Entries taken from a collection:
*** Block opens ***

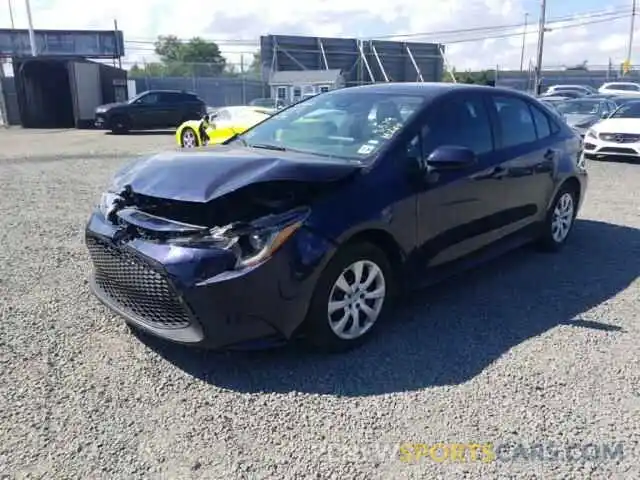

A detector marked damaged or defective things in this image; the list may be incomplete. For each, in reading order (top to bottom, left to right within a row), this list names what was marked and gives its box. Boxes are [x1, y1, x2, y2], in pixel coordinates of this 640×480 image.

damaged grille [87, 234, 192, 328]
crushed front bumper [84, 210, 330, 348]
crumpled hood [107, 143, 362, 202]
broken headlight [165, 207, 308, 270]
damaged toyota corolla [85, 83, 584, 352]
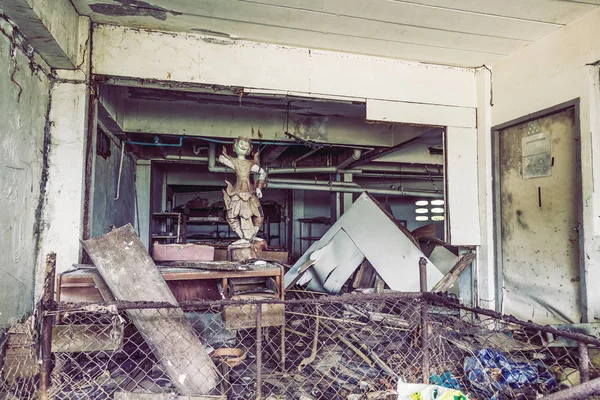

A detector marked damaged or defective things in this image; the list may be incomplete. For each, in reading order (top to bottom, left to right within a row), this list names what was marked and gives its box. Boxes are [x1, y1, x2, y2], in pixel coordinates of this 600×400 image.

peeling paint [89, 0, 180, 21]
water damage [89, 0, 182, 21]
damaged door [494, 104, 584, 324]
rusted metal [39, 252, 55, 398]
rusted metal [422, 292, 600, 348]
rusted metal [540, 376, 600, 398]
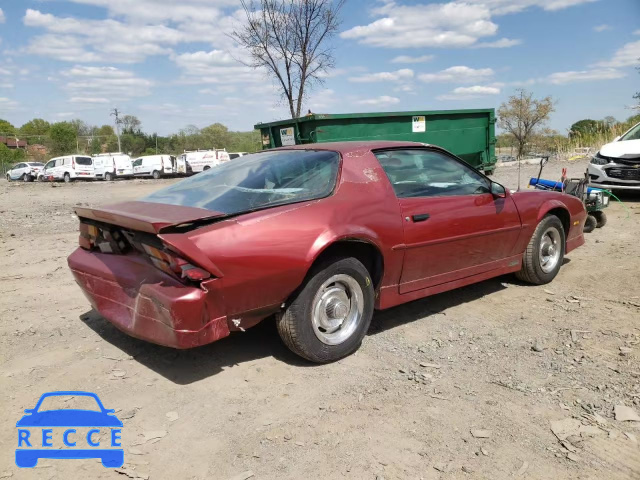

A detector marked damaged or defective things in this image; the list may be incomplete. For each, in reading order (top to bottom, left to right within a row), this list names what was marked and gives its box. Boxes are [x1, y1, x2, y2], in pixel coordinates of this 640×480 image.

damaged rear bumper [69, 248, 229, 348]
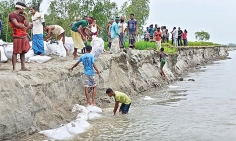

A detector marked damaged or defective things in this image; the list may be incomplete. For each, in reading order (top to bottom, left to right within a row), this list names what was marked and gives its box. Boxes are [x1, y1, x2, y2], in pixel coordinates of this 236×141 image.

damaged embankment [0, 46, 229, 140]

*** Block closes ***

About this exercise: Retype nothing except the lines from the line holding "this 236×141 image." through the last line of the entries, both included.

Answer below:
A detector marked damaged or defective things in this image; the list may be incomplete. For each, in reading order (top to bottom, left to right within a row), this list names what was marked and gives its box. Boxes are [x1, y1, x2, y2], in pixel coordinates of this 236×141 image.

damaged embankment [0, 46, 229, 140]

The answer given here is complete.